We start the day early to participate in morning offerings for local monks. The remaining time is free for leisure. Bagan is quite beautiful and one of the most impressive places in Myanmar. Located on the shores of Irrawaddy River, Bagan is home to one of the largest concentration of temples, pagodas, stupas, and ruins in the world with many dating from the 11th and 12th centuries. Each shape and component of the building shows a significant part of Buddhism and has spiritual meaning. The area's most buzzing town is Nyaung U, which is also the major transport hub. Bagan offers a lot to its visitors. You may choose to rent a bicycle and visit Bagan's world-famous pagodas and temples. Some of the major temples in Bagan are Ananda Temple, Dhammayan Gyi Temple, Shwezigon Pagoda, and Shwesandaw Pagoda.

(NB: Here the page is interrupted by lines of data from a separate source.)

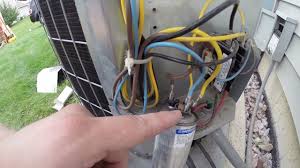 Ever since then i am facing problems continuously condenser coils are one of the most crucial components of an air conditioner and are responsible for efficiently cooling the refrigerant from. Carrier Air Conditioning Unit Repair Capacitor Replacement Youtube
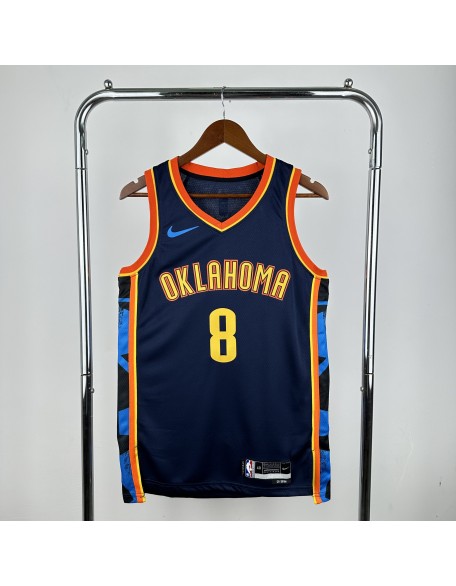 WILLIAMS#8 OKC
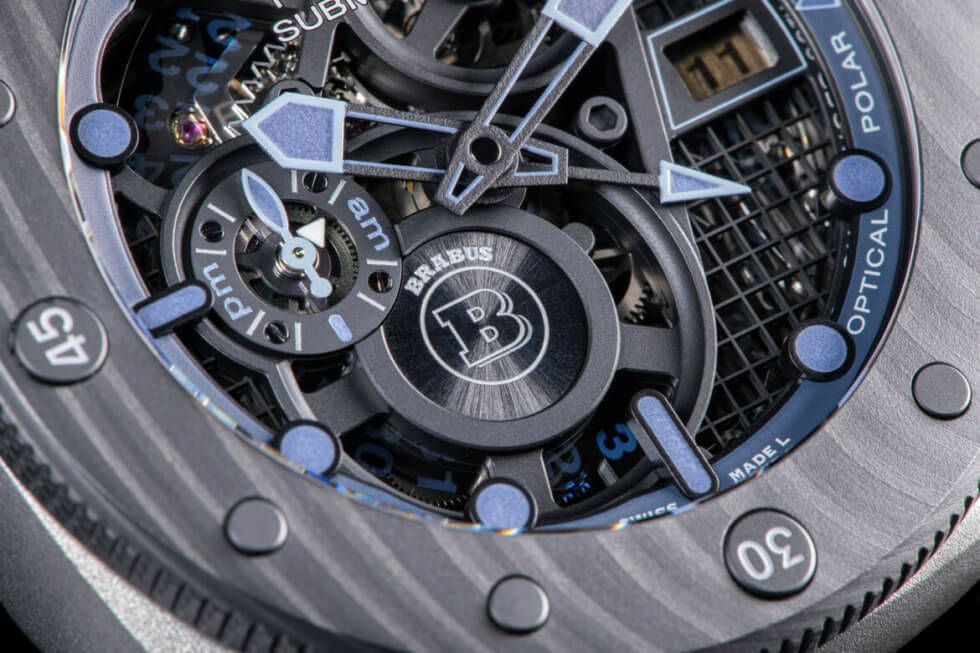 Submersible S BRABUS Blue Shadow Branding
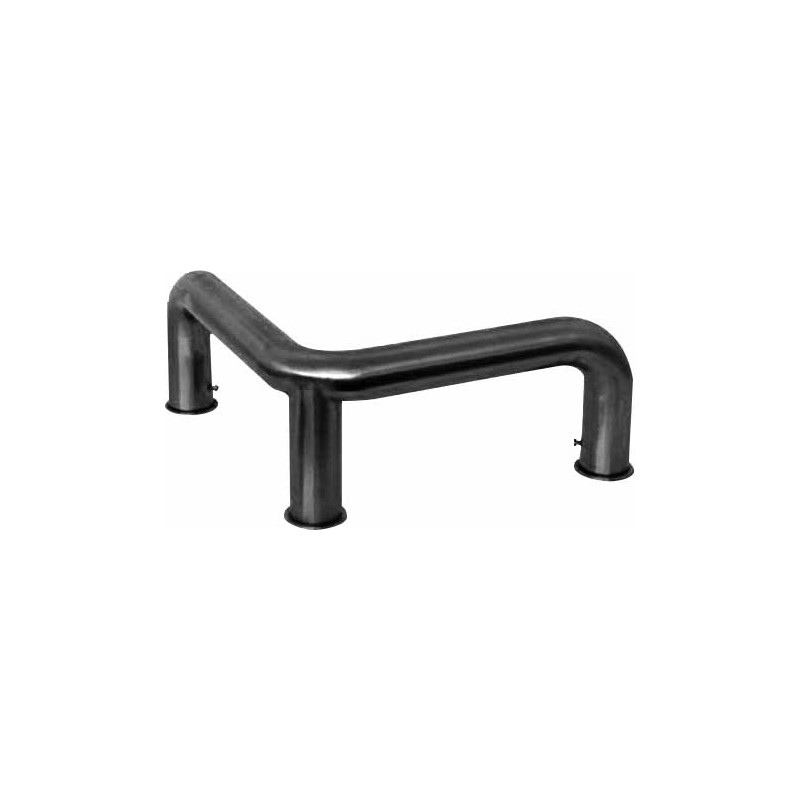 PROTECTION D'ANGLE TUBULAIRE SOUDEE D.48 MM  750502 L2G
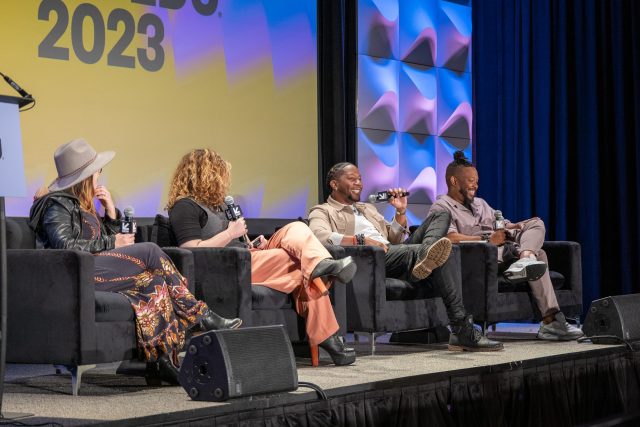 Featured Session: Fostering the Next Generation of Storytellers - SXSW EDU 2023 - Photo by Will Blake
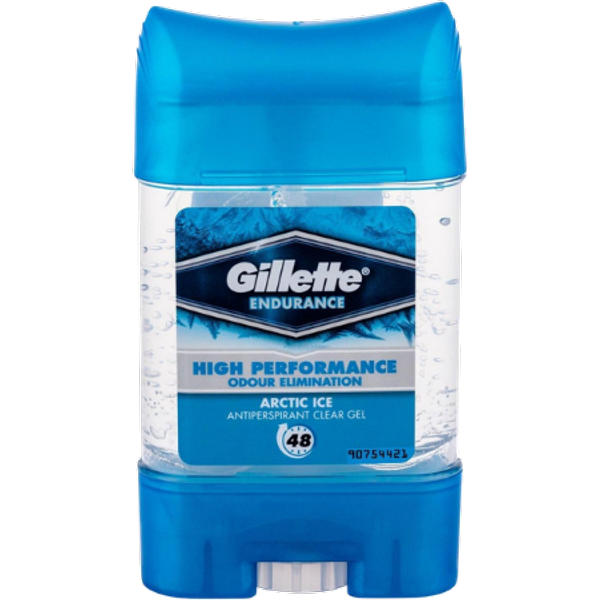 Deodorante in stick Gillette Endurance Arctic Ice - 70 ml
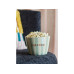Bloomingville Schüssel Popcorn, Steinzeug, Mehrfarbig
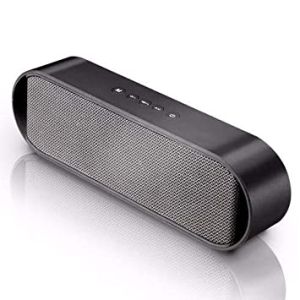 Pebble Groove Slide Portable Wireless Bluetooth Speaker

The most interesting part of Bagan is even though the whole city invites a huge amount of tourism, you don't seem to be less on space. There are so many temples to visit that you won't see much crowd in any particular temples. You can also visit Shwesandaw in the early morning to enjoy the mesmerizing sunset view. There is also an alternative to climb Mt. Popa, the abode of nats, or the animist spirits, visit Tant Kyi Tuang from where you can see elevated views of Bagan. Or, if you want to see the market of Bagan or do some shopping, you can wander around the markets at Nyaung U.

Day Seven:

Bagan- Pakkoku

This morning is also free in Bagan. For those who have booked a hot air balloon ride before cruise (you cannot book the ride while on the trip), you can ride the hot air balloon over the temples of Bagan, which is a mesmerizing experience. Travel on a horse cart through Bagan plain and its beautiful temple ruins. You can also learn about the production of Burmese lacquerware. In the afternoon, we depart Bagan and set sail for Pakkoku, where we will spend the night. At Pakkoku, we will visit a cheroot cigar workshop, the local market longyi, and a blanket factory.

Day Eight :

Yandabo

Today, we will reach Yandabo, where the peace treaty was signed in 1826 that ended the first Anglo-Burmese War. This small village has about 350houses and offers a rare glimpse of a unique village that is steadily entering the modern world while still preserving a traditional way of life. This village is very renowned for its pottery. You can roam around the village, visit pottery workshops and see the skilled artisans making some beautiful potteries. Later, we continue sailing to Mingun.

Day Nine:

Mingun

Today, we cruise to Mingun, where we will see the world's largest uncracked bell called Mingun Bell. We will also learn the story behind a huge unfinished pagoda, which is now only a brick structure with 50meters height that contains a huge crack due to the earthquake. Finally, we will visit the all-white Hsinbyume Pagoda.

Day Ten:

Sagaing/Mandalay/Amarapura

Today, we will visit Sagaing, where you can interact with novice monks, nuns, and orphans on a visit to a monastic supported school. From here, we visit a peaceful nunnery where you will participate in the ritual and our donation to the resident nuns before their midday meal. Also, you will get to enjoy the views over the Irrawaddy River from Sagaing Hill, followed by the sail to Mandalay from where we will visit Amarapura. In Amarapura, we will visit the famous U-Bein Bridge from where you can relax while enjoying the enchanting sunset view. The U-Bein Bridge is the largest teak bridge in the world, with a length of about 1.3kilometers.

Day Eleven:

Irrawaddy cruise/ Mandalay

Today, we will go sightseeing, Mandalay. Here, you will visit the Shwenandaw, a wooden monastery covered internally in gold leaf, and admire its intricate artistry. Then, we visit the Kuthodaw Pagoda that contains the largest book of the world. afterward, we walk through the rebuilt Mandalay Palace, destroyed during World War II. You will also visit a local workshop and observe the techniques of making gold leaf. If you like, you may also choose to place the gold leaf on the iconic Buddha statue. After lunch, we will transfer you to your hotel/airport.